Fungus for starting fires

A good fungus for starting fires grows on birch trees. Look for black, lumpy growths on the trees and break off a piece. The inside is orange to brown. What makes this particularly useful is that it can be ignited from a spark, to create a coal that can be blown into a fire. You can also use this fungus to carry a coal with you, for quick fire making at the next stop.

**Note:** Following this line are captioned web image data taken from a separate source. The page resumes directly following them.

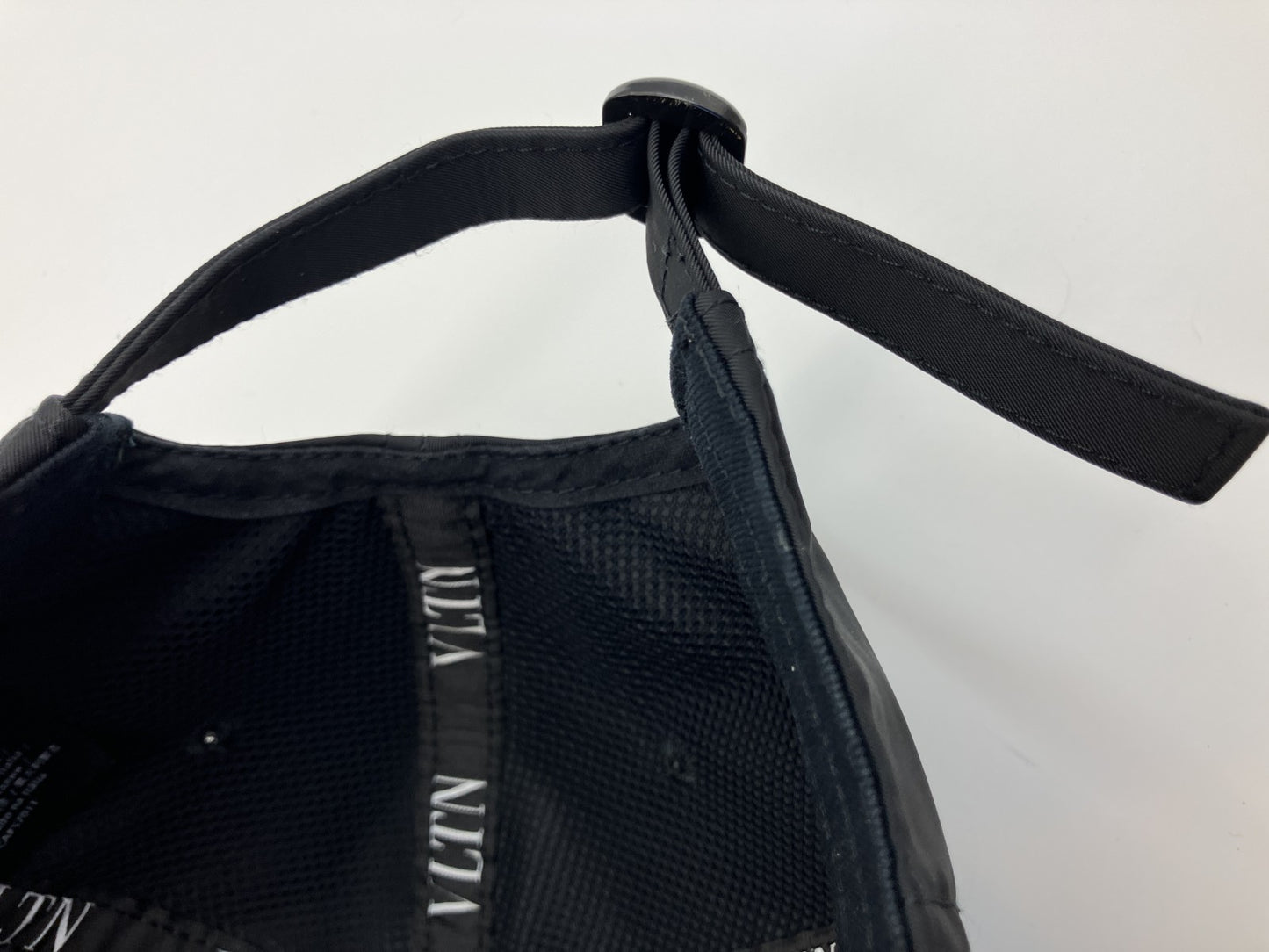 Valentino Garavani VLTN Logo Cap Black Size 59 Made in Italy Authentic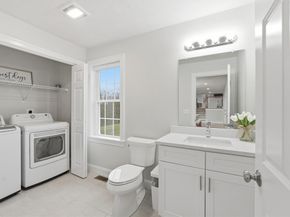 74 Deanna Dr, Holden MA 01520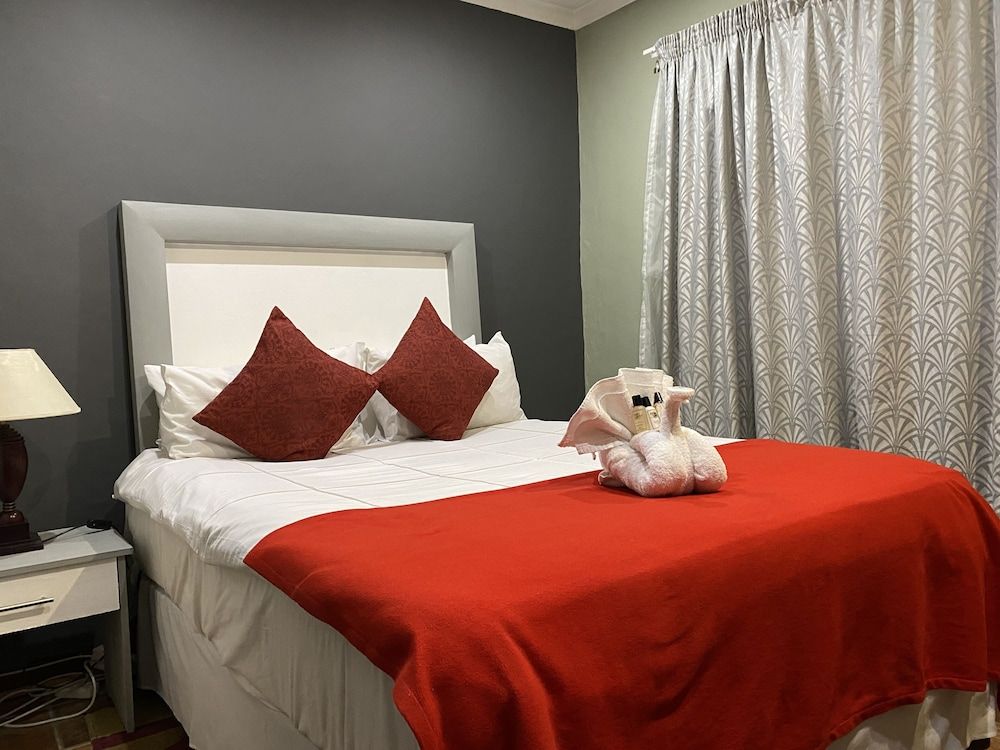 Marion Lodge Economy Double Room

Saturday, October 13, 2007

Western red cedar hiking tip

If you have an old backpack frame, you can make a simple, cheap ultralight backpack. Remove the old pack, and tie a plain nylon duffel bag to the frame firmly,with the zipper facing out. You could also attach it using small bungee cords. I used an old aluminum frame that still had straps and a waist belt. The result was an external-frame backpack that held a lot and weighed just two pounds.
Need emergency clothing or blankets? The bark of the western red cedar can be peeled easily from the tree . The softer inner bark is then separated out and used for weaving rough clothing, blankets,ropes and baskets.Remember to stay dry and drink plenty of water when hiking.

Tuesday, October 9, 2007

Backpacking High Altitude

Keep fires small and you'll spend less time collecting firewood. Just get closer for warmth. If you are also using the fire for possible signaling in an emergency, you can still keep it small, but keep a pile of brushy branches nearby to add if a plane goes by.
Digestion is more difficult at high altitude. This seems to be especially true for fats and proteins. If you are headed above 12,000 feet, you may want to save your crackers and other simple carbohydrates for snacking on top of that mountain.
In hot weather, soak your hat in every stream or water source you pass. A wet hat is like having a little air conditioner on your head. A wet bandanna around your neck helps too.

Sunday, October 7, 2007

Steve Fossett

"There's no news of him signaling for help and that's a problem," said David McMullen of Berkeley, Calif., a leader of the hiking group Desert Survivors, whose members frequently venture into some of the country's harshest terrain. "He's either so injured he can't signal or he's perished "At this point, you'd be lucky to find him alive," said Lee Bergthold, director of the Palmdale, California-based Center for Wilderness Studies and a former Marine Corps survival instructor. "No food, that's not a problem. No water, that's a problem. That's a harsh desert out there."

Thursday, October 4, 2007

Backpacking tip

A cheap and easy and light seat cushion can be made from a sleeping bag pad. Just take an old basic blue foam pad and cut a square about 12 inches square out of it. This will weigh about one ounce (3/8" pad) and make a nice waterproof seat when you want to sit on a wet rock, log or on the ground. Put against your back inside your pack and it will also pad you from any sharp or clunky items.
Need something to tie things together? The small roots of spruce trees (genus picea) can often be dug by hand near the surface of the ground. They have been historically used for binding all sorts of things, as well as for sewing together birch bark canoes.
Cold wind may chill the front of your body, even while your back is hot and sweaty. If this happens, try putting your jacket on backwards, and leaving it opened. This keeps your back cooler while protecting you in front.

Hiking in the desert

“The body requires a certain amount of water for a certain level of activity at a certain temperature. For example, a person performing hard work in the sun at 43 degrees C requires 19 liters of water daily. Lack of the required amount of water causes a rapid decline in an individual’s ability to make decisions and to perform tasks efficiently.”
In other words, if you have a limited water supply, you should limit your activities during the hottest time of the day. Get started hiking early, perhaps just before sunrise. That way you can get in some miles before the heat comes. Hiking in the evening may work as well. If there is a full moon, you might even try hiking from four in the morning until the heat starts.

Tuesday, October 2, 2007

Hinking Boots

Keep your hiking boots dry put them under your sleeping bag by your legs, or even in your sleeping bag if you have a plastic bag to put them in. I sometime keep my shoes warm by using them as a pillow it is more comfortable than you might think. Point one shoe each way, so they cradle your head, and lay a shirt or other piece of clothing over them.You can slip small heat bags in each boot to keep them warm.Check the laces to make sure they are not broken or torn.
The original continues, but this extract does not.